The processing and interpretation of seismic data to define the earth's subsurface has long been used in locating oil and gas reserves and determining optimum locations for drilling. Seismic data is accumulated by well known methods. Typically, seismic receivers or geophones are laid out along a seismic line at spaced intervals from a shotpoint which sends a wave of seismic energy into the earth. The energy generated by the source penetrates the layers of material in the subsurface of the area of interest, propagating at different speeds through different types of formations. As a result of reflections, refractions and diffractions occurring at each layer of material encountered, secondary seismic energy is returned to the surface. The secondary energy signals are detected by the geophones which generate electrical signals representative of the amplitude of the secondary seismic energy. The sensor array is then moved along the line to a new position and the process is repeated, ultimately resulting in data from a large number of closely spaced geophone locations. The same basic approach is utilized in offshore exploration as well as on land.
The signals generated by the geophones are processed in the field or at a later time in a data processing center to remove noise and extraneous signals so that only reflected signals remain, and the amplitude of the signals from each geophone is continuously recorded against time to produce seismograms.
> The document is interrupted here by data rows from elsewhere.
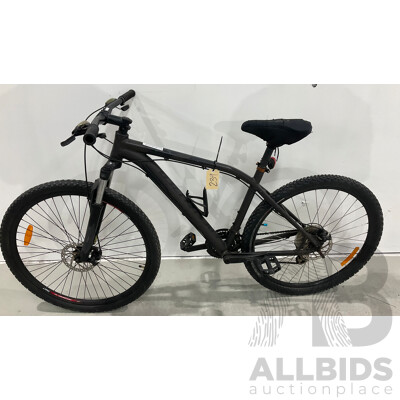 Specialised Mountain Bike (49cm Frame)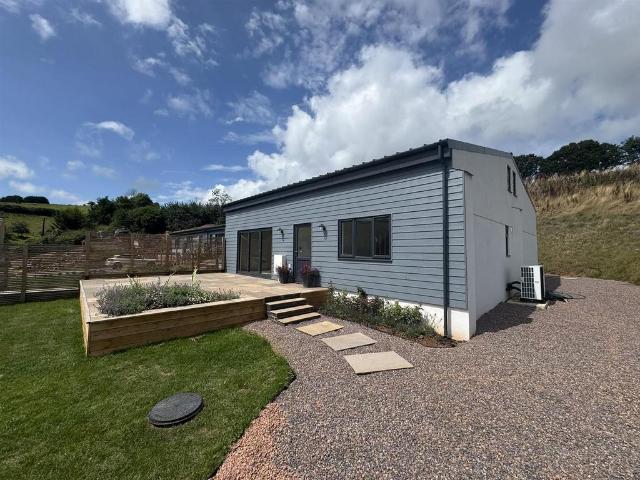 Bungalow for rent in East Court, Mid Devon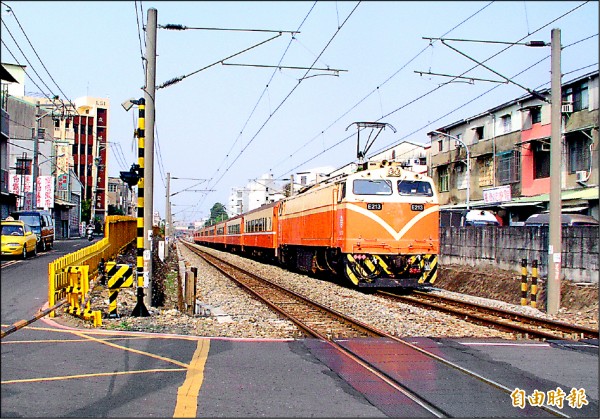 交通局表示，市區鐵路地下化未來將直接與永康鐵路地下化連接。（記者蔡文居攝）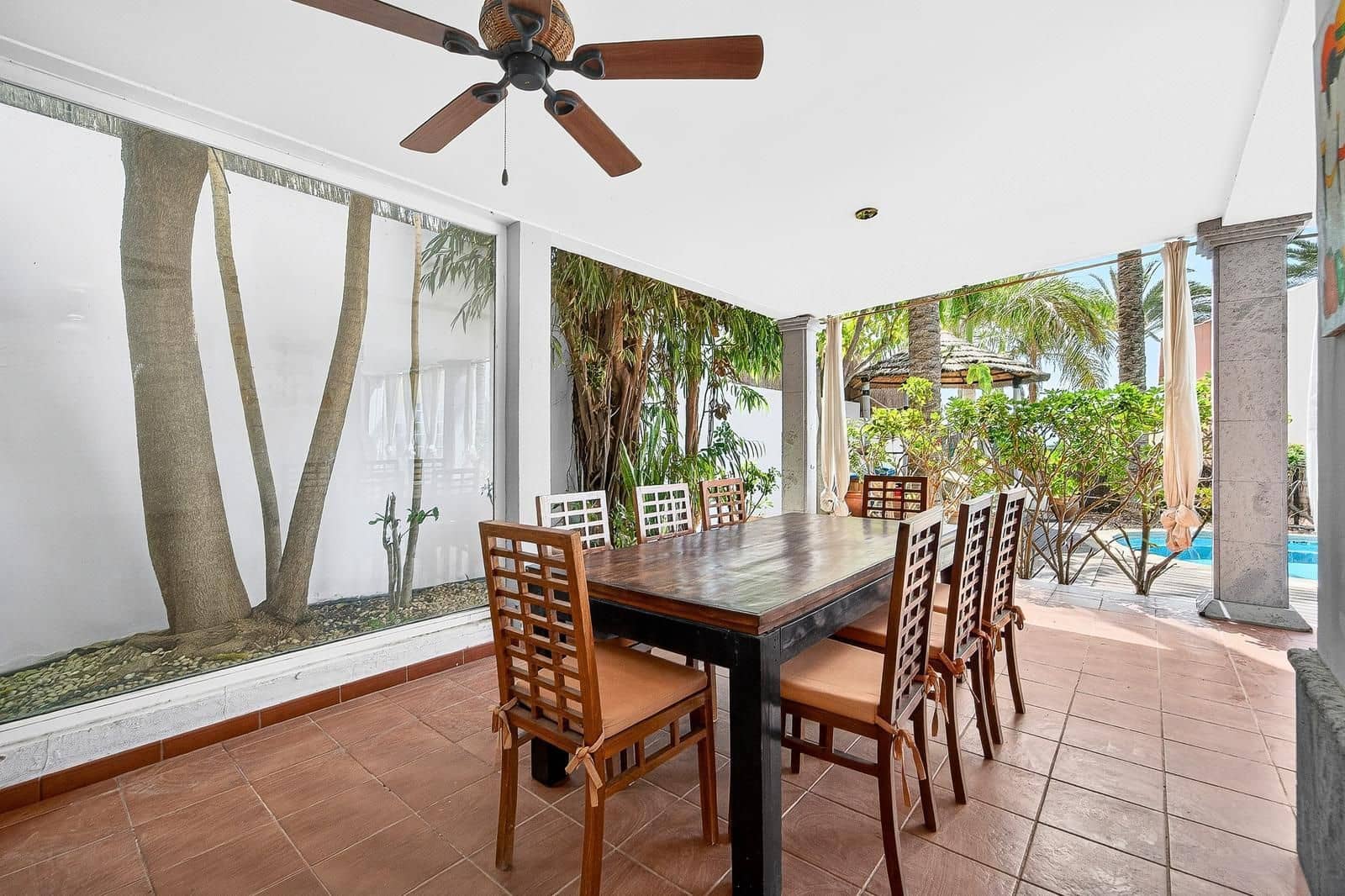 Chalet de 5 habitaciones en Los Cristianos en venta con piscina garaje - 1.790.000 € (Ref: 9698672)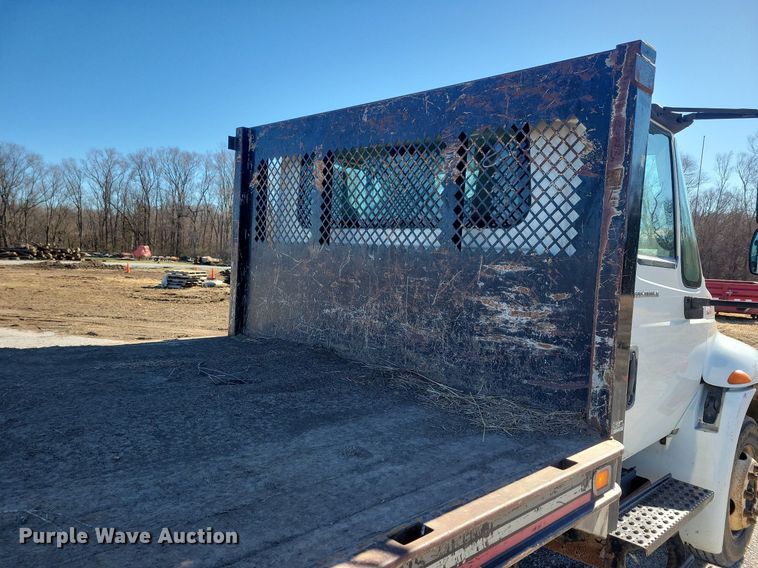 image for item LC9941 2006 International  4300 dump flatbed truck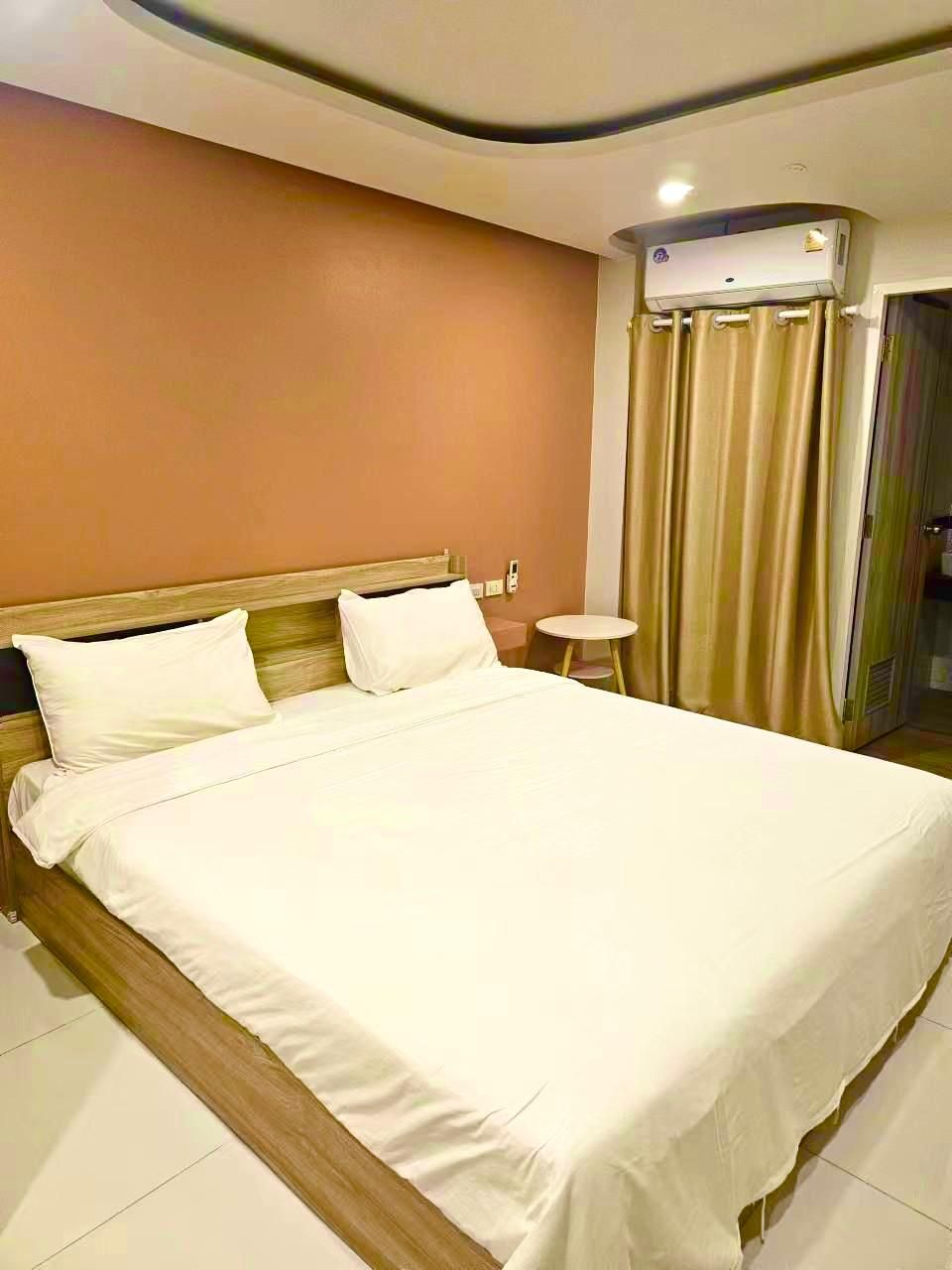 THE NICE Economy Room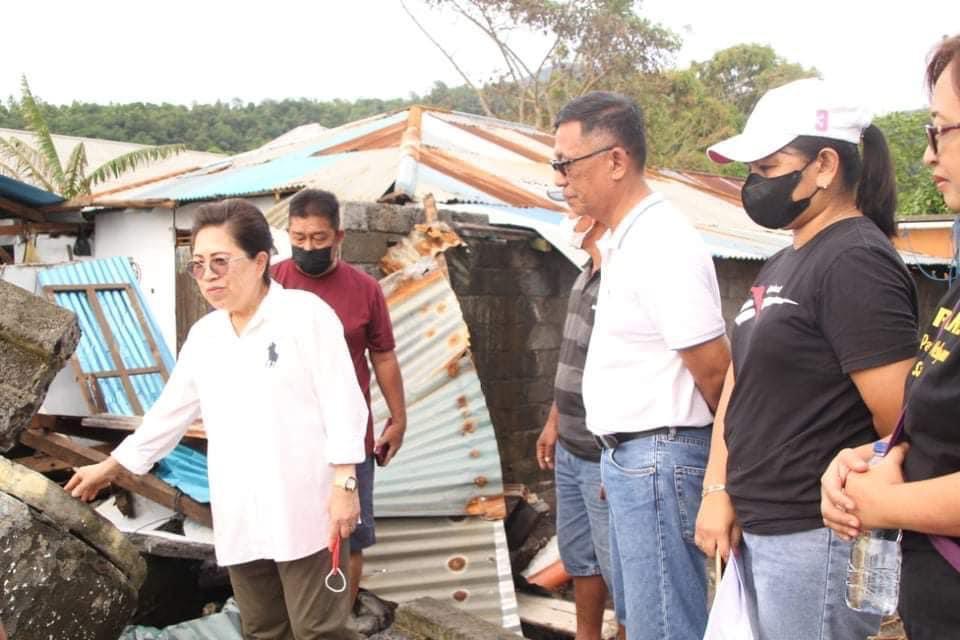 Bupati-saat-melakuka-peninjaun-di-Kecamatan-Tamako-Foto-Humas-Pemkab.jpg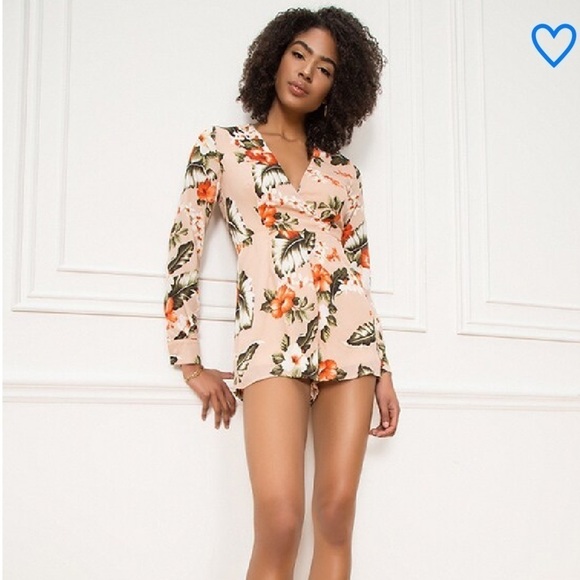 SUPERDOWN Revolve Ilah Surplice Floral VNeck Longsleeve Romper - Picture 3 of 14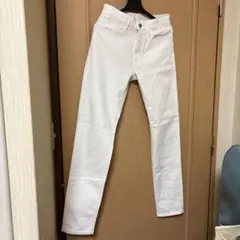 ユニクロ　白　スキニーパンツ 66〰️72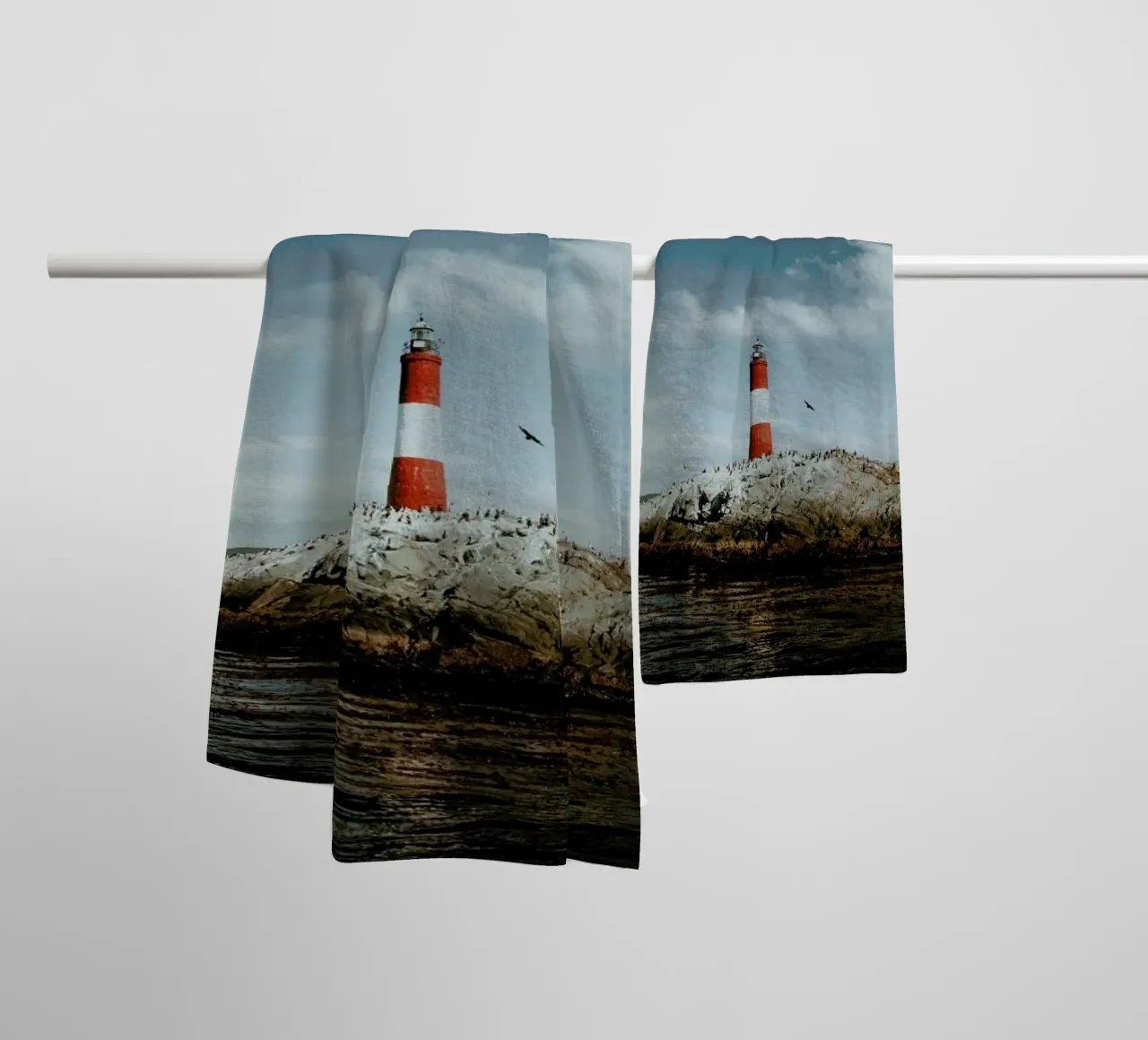 To The Lighthouse by @KevinZaouali asciugamano da bagno da EyeEm Mobile GmbH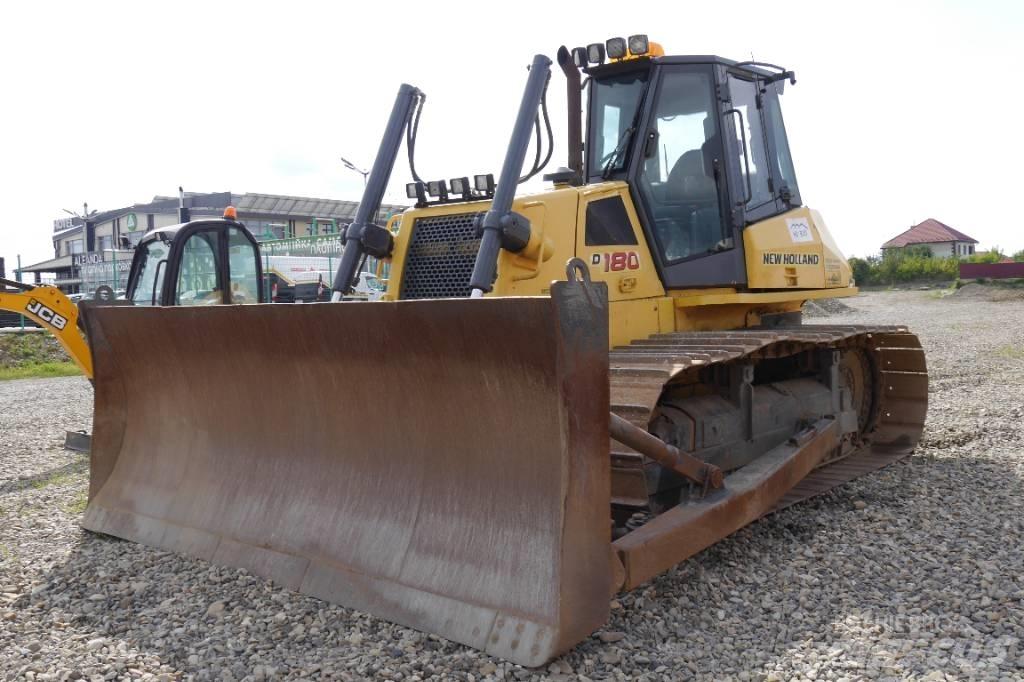 New Holland D 180 Rupsdozers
In order to eventually create a depth profile of the various layers or horizons of interest the reflected ray traces between the shotpoint and each geophone must be grouped and compared. The conventional way of doing this is to assume that a point halfway between the shotpoint and a receiver overlies the point on the subsurface layer of interest from which the reflection came. This point is known as the common mid point (CMP) or the common depth point (CDP). Traces are binned according to the CDP and are summed or stacked for purposes of data interpretation. According to the CDP theory it is assumed that the time it takes for the primary energy from the shotpoint to reach the horizon is equal to the time for the reflected energy to reach the receiver. Thus by determining the distance traveled by the energy wave in half the time between the instant of the shot and the signals generated by a receiver, the depth of the horizon of interest can be determined.
This underlying theory is known to be incorrect in all but those cases in which the horizon is horizontal. If the horizon dips the reflection point on the horizon will not be directly beneath the CDP but will be offset from it, which means that the time for the primary energy wave to reach the reflection point is greater or less than the time for the secondary energy to reach the receiver. To compensate for these intrinsic errors corrections to the data are performed. Thus normal moveout corrections, which convert each receiver output to the output it would have produced if the source and receiver had been located at the CDP, and dip moveout corrections, which account for the slope of the relevant horizon, are carried out. These corrections, which involve the shifting in time of the reflected events of the traces, are still not able, however, to overcome the basic errors inherent in the CDP theory in areas of steep dip. Such errors can produce final mapping errors of considerable significance, the magnitude of which can readily be greater than a mile or more.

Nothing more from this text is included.